For months, marketing and online-services companies have dreaded the coming of the General Data Protection Regulation (GDPR), pro-privacy rules protecting European citizens that went into force on May 25. Yet, few understood the impact that the rules would have on another group: security researchers.
Worried about falling afoul of the regulations, a number of domain-name registrars have limited access to the formerly-public database listing the contact information for the owners and technical contacts of domains. The Whois database maintained by those registrars is a useful tool for security researchers to use as an initial step toward tracking down malicious actors.

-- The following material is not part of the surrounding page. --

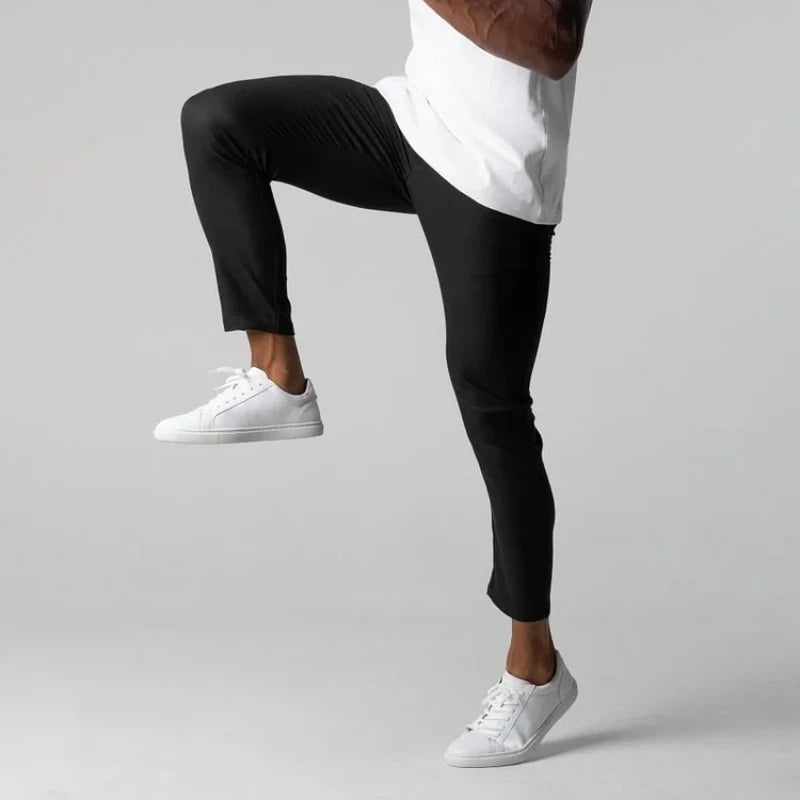 Alex Shogun Stretch Tailored-Fit Trousers - Shop Best Men's Slim Fit Pants: Modern and Comfortable Alex Shogun Men's Clothes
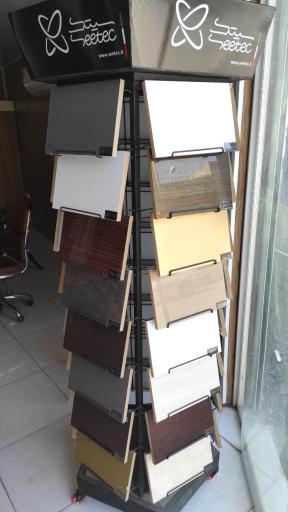 عکس فروشگاه ام دی اف و صفحه کابینت مهربان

Similar services have shut down as well. A blockchain startup that included information about whether a wallet owner had passed a background check shuttered its service. And academic and industry researchers worry that their databases used to track down bad actors could expose them to legal liability.
In fact, the GDPR has garnered polar opposite reactions from developers and security professionals, said Guy-Vincent Jourdan, an associate professor of electrical engineering and computer science at the University of Ottawa, who described the reactions at two conferences he recently attended.
"I was at a web conference, and there, people were uncorking champagne—everyone was celebrating about GDPR, because it was so great and they were excited about it," he said. "While at the security conference, everyone was crying and saying this was the end of the world."
The GDPR aims to curtail the unwanted use of data and give consumers more control of their own data. Companies that use Whois data for mass emails and spammers who use it for fraud schemes will violate the rules. The publishing of identifying data—which includes IP address and many blockchain implementations—along with sensitive information also violates the GDPR.
Security researchers have traditionally found uses for public data in ways that were not intended. If those methods reveal the subject's identity, the researchers could violate sections of the GDPR. It will take both time and due diligence for security researchers to determine whether their investigative methods are impacted by the regulations.
"It is important for us, as researchers, to think about the data we are gathering and collecting," said Richard Ford, chief scientist at security software firm Forcepoint. "There are still ways to do it right, but it is just a little bit harder."
While the GDPR is intended to protect European citizens, because researchers cannot always know whose data they are collecting, the rules will hamper research in general, experts said. Here are five areas of research that are, or could be, impacted by the EU's General Data Protection Regulation.
When companies and individuals register a domain, their information is placed in a public database known as the Whois database. Large domain name registrars, such as GoDaddy, maintain a server that provides that information to anyone who asks using a web form or a service known as the domain lookup service on port 43.
In May, with the GDPR looming, leading registrar GoDaddy removed details of all the 57 million domains registered on its service, only responding to so-called “port 43 queries” with the organization, state or province, and country. Queries made through its website can get access to the full Whois record, unless the address is in a country protected by the GDPR.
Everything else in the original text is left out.